Physical Carbon Sequestration Methods

Carbon Capture and Storage Technologies

Carbon capture and storage (CCS) includes a large range of technologies that involve different processes for CO2 “capture, separation, transport, storage and monitoring.” (Leung et al., 2014) They are usually defined as the “removal of CO2 that would otherwise be emitted in the atmosphere.” (Farrelly et al., 2013) CCS can reduce emissions by 80%-95% from very large point source emission sources such as industry power plants specifically for the cement or energy industries. (Leung et al., 2014) Using this approach the carbon is captured pre-combustion and post-combustion, “separated from the sorbent, stored or reutilized industrially.” (Leung et al., 2014) The most used and applicable reservoirs for these types of technologies are depleted oil and gas reservoirs, un-minerable coal beds as well as deep saline formations. (Farrelly et al., 2014)

Carbon Capture

Due to the fact that carbon dioxide is formed during various combustion processes, specific techniques must be put into place to choose the appropriate removal. The main CO2 systems that are associated with these different processes include pre-combustion, post-combustion, oxyfuel combustion. Figure 1 gives an overview of the advantages and disadvantages of each of the technologies and the area in which they are applied to.

Figure 1. The advantages and disadvantages of the different technologies used for carbon capture (Leung et al., 2014).

Figure 1

Pre-Combustion

Pre-combustion capture normally occurs for coal or natural gas, where the fuel is pre treated in order release the minimal amount of carbon dioxide. (Leung et al., 2014) Coal undergoes the gasification process where it is pretreated in a gasifier under low oxygen levels creating carbon monoxide and hydrogen gas. (Leung et al., 2014) The CO will then be converted to carbon dioxide through a water-gas shift reaction and subsequently captured. This technique can be applied to the Integrated Gasification Combined Cycle power plants that use coal as fuel. Furthermore, natural gas can also be treated through a pre-combustion process as it mainly contains methane. It can be reformed to syngas that contains both carbon monoxide and hydrogen gas using the reaction below. (Leung et al., 2014)

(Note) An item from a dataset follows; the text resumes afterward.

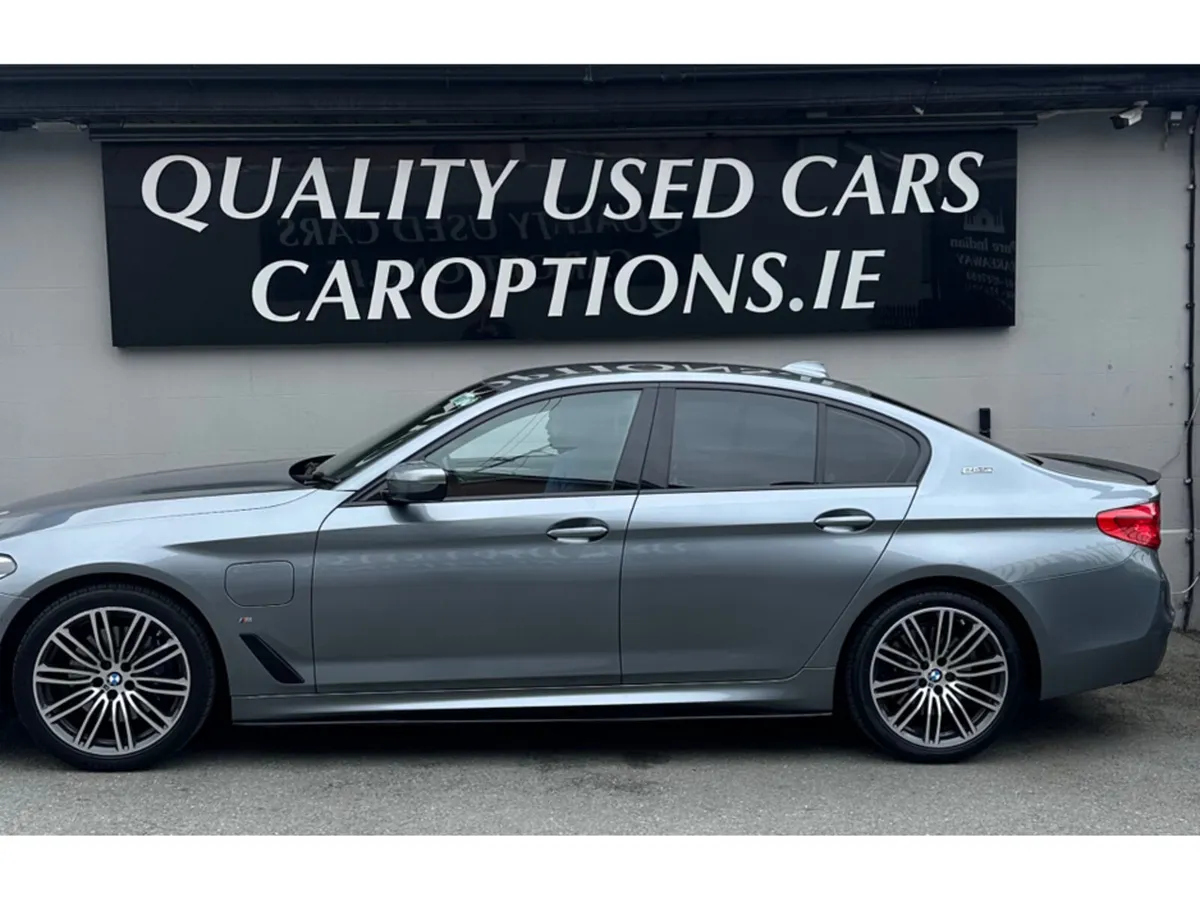 BMW 5-Series E G30 M SPORT 4DR AUTO//12 MONTHS TAX - Image 2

CH4 + H2O à CO + H2 (Leung et al., 2014)

Through this pre-combustion process the H2 from the syngas can be used as clean energy or in other applications. (Muradov et al., 2008) Figure 2. Shows the pre-combustion process in detail where the coal and the natural gas are turned to syngas through gasification and the hydrogen gas is then used in power plants as a form of renewable energy.

Figure 2. The gasification process of coal and natural gas in pre-combustion capture technologies (Muradov et al., 2008)

Figure 2

Post-Combustion

Post-combustion carbon capture (PCC) technologies are the most preferred worldwide as they can easily be retrofitted into old power plant systems. They usually remove the carbon dioxide form the flue gas after the combustion takes place (hence the name). At the moment, this process is the only industrial CO2 capture used on a full commercial scale. (Liang et al., 2015)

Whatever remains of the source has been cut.